“Can I get you anything Allen?” Karl asked. “Tea? Wine?”
“Hmm, do you have any Merlot?”
“Well, we have a ’08 Chateau de Moyen” Karl said, searching his memory. “I’ve found it quite nice, a rich bouquet with just a hint of floral and cinnamon.”
“Hmm, I think a glass of water will be fine for me,” Allen said.
Karl went to the kitchen and, pulling out his nicest tumbler, poured Allen a glass of water from the large water cooler kept beside the fridge.
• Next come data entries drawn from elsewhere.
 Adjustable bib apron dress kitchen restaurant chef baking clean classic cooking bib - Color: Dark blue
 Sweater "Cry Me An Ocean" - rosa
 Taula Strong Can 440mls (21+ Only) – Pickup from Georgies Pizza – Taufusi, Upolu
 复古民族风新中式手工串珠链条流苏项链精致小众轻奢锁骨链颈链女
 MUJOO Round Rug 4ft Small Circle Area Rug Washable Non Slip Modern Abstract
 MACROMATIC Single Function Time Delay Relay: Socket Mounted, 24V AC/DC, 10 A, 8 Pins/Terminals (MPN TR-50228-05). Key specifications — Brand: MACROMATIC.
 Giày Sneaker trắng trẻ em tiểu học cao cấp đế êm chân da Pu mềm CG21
He returned to the tastefully furnished living room and placed a glass coaster down before setting the water on top of it.
“Thank you,” Allen said.
“Did you get a new television?” Allen gestured to the wall, where a very large flat screen was mounted with care.
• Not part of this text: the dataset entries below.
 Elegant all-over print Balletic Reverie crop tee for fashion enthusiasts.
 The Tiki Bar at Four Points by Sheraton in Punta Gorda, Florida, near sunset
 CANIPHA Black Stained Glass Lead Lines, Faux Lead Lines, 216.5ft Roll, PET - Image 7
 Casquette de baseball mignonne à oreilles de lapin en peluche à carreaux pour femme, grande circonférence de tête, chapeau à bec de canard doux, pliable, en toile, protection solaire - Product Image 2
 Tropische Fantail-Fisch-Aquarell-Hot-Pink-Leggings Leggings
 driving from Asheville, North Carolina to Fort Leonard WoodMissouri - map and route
“Yes we did! 1080p, and it has a beautiful picture. You can practically see the nose hairs on the actor’s faces when watching.”
“1080p, huh? That’s pretty impressive, my computer had that back in 2006.”
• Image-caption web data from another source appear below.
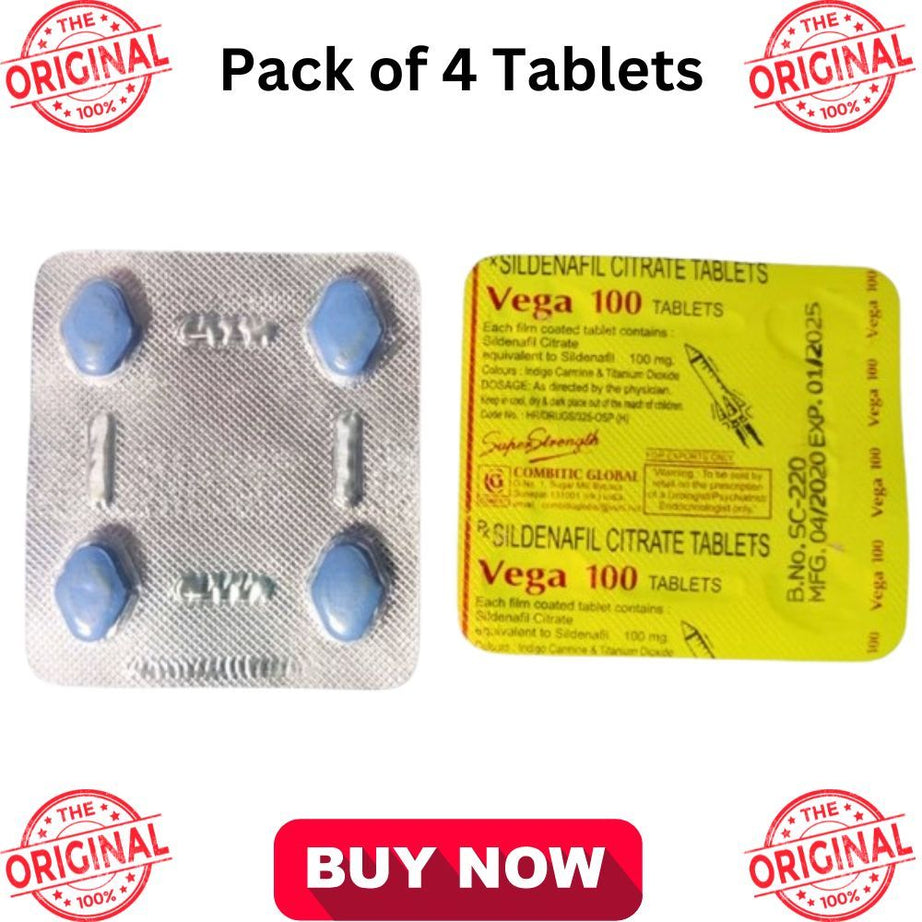 Indian 100 mg Vega Timing Delay Tablet For Men - 4 Tablet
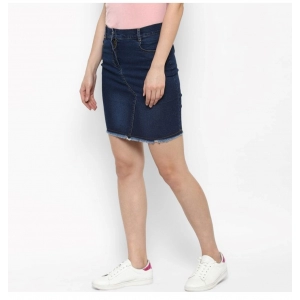 Generic Women's Denim Stitching Pattern Buttoned Skirt (Blue)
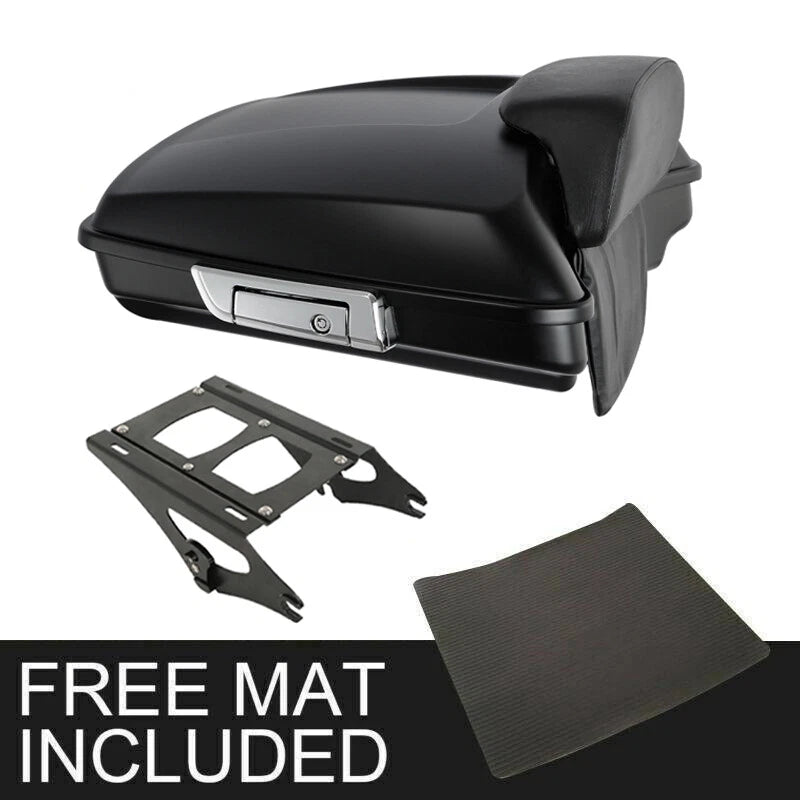 Matte Black Razor Trunk Backrest Mount for Harley Touring Road King (2014–2026)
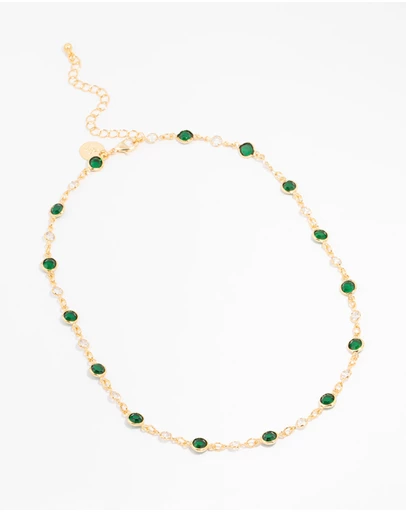 Lovisa - Gold Plated Emerald Round Station Necklace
“Well, television technology is taking its time catching up, isn’t it?” Karl sat down on the recently re-upholstered chair under the TV.
“True. Nora and I just bought another plasma TV for our son’s bedroom so he can play his video games there, rather than having the sound carry up from the basement. I don’t understand it myself, but Nora seemed to think it was necessary. The picture quality on the plasma, I find, is significantly better than on any others out there. More true to life, brighter colours.”
“Ah, yes, of course.” Karl placed his right leg over the left, and wished he had brought a glass of water for himself. “Anything new going on in the banking world?”
“Oh, you know how it is, we’re keeping people’s money, the government is bearing down on us to make sure we do so ‘responsibly’, whatever that means. Seriously, there are no guaranteees with any money, how can they expect that of us? Just let us do our jobs! Bloody bureaucrats.”
Karl, who Allen knew was an MP, thought a moment before responding, “Well, you can see the point, of course, we don’t want another financial meltdown. We escaped fairly well here, but other countries were not so lucky, with unemployment spiking and people losing their savings. We’re just trying to make sure it doesn’t happen again.”
“Well, those countries shouldn’t have been so careless then. Diversify. It’s their own fault for not being marketable enough.”
Karl didn’t say anything, but let his neighbour stew in self-righteousness for a moment. “How dare they assume they can have a career,” was all he responded with.